In his complaint, a homeless man, Steven McQuery, claims he had surrendered to police during an April 23, 2015, incident. At the time, McQuery, who's offense was not stated, lay face down on the concrete when San Diego police officer J. Weise ordered his police dog to sit on top of McQuery.
That's when McQuery allegedly heard Weise give a strange command.
"About  seconds later Officer Weise started yelling, 'eat him up', over and over…. Mr. McQuery was like a runaway slave," read the lawsuit.
"I was on my stomach, hands visible, arms outstretched in a surrender position."
McQuery says the attack lasted approximately 20 seconds.
"I was no threat to Officer Weise. At the time I had surrendered, I was in full compliance with all of his commands."
McQuery charges Weise and the City of San Diego with using unreasonable force and guilty of a "racist act" under the color of law.
The mistreatment continued, claims McQuery.

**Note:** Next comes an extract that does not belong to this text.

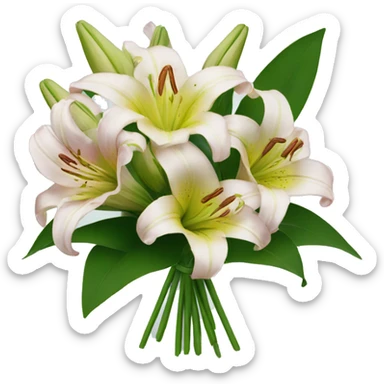 A bouquet of lilies sticker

The officer refused to loosen the handcuffs and was denied medical help. A week later an officer from the department’s internal-affairs division met with McQuery but later told him he "couldn't pick up the case."
The lawsuit is one of several excessive-force claims filed against San Diego police officers in recent months.
As reported by the *Reader,* the city is currently representing police officer Laura Smith in two excessive-force lawsuits during a span of three years.
Last week, San Diego's district attorney's office was informed that agents from the FBI and U.S. attorneys would be briefed on police shootings, excessive-force cases, sexual assaults, and false arrests in San Diego, according to a report by the San Diego Union Tribune.